Because, according to the architects of this new world order, “the continued practice of using gendered titles to refer to male and female priests effectively creates a different and unequal status for female priests.” No proof of this is offered, of course.  The legislative genre of wherefores and therefores that are characteristic of ecclesiastical resolutions doesn’t allow for it.  And no one explains how a resolution of this kind changes a bigot’s mind when he or she discovers that the gender-neutral term is applied to someone who is obviously a woman.  But we are told that it does and that, therefore, we ought to start policing its use.

Really?
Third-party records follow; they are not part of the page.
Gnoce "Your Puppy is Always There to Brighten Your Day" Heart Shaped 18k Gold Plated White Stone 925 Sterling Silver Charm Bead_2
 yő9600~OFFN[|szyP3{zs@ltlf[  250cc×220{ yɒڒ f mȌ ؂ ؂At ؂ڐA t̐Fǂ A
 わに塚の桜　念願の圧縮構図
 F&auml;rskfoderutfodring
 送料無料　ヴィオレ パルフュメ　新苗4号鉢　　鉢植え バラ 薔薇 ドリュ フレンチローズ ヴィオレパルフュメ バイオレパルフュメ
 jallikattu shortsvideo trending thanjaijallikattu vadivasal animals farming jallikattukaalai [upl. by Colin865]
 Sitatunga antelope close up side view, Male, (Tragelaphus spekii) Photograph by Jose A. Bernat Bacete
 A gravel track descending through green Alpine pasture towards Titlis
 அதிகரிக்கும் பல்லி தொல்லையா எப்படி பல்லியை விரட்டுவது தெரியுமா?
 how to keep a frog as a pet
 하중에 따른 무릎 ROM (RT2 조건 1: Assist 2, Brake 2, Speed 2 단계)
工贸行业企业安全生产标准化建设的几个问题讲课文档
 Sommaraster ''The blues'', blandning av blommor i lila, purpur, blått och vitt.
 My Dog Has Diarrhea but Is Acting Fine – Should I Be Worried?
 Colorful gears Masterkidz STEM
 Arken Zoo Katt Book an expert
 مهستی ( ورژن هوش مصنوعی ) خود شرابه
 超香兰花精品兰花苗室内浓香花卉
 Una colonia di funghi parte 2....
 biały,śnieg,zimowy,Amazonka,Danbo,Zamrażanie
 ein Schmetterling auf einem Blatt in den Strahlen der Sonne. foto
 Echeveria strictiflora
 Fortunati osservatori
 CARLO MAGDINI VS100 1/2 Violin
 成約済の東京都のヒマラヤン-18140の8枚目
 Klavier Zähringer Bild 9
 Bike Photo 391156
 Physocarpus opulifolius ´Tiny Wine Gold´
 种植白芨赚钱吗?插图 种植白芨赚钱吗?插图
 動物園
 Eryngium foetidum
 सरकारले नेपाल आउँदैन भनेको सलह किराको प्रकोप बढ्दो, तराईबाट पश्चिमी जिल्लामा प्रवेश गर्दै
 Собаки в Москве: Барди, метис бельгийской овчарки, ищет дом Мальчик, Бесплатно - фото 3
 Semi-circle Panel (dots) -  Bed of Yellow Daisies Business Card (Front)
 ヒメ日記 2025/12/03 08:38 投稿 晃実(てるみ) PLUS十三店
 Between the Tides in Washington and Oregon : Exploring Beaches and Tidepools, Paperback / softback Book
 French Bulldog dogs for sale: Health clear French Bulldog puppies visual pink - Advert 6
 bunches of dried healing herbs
The titles, “Father” and “Mother,” aren’t the issue.  Consider these examples:

  • I knew an ostensibly Progressive rector who called male associates, “Father,” and referred to female associates by diminutive forms of their given names – e.g., “Megsie” and “Janie.”  That is language that is meant to communicate a different status.
  • I have known people who wouldn’t go to a female doctor, or take a plane piloted by a woman.  It had nothing to do with their titles.  They were all doctors and pilots.
  • I knew a man who voted against a candidate for a chaplaincy because she was a woman, who – when pushed for an explanation complained that she was “too short.”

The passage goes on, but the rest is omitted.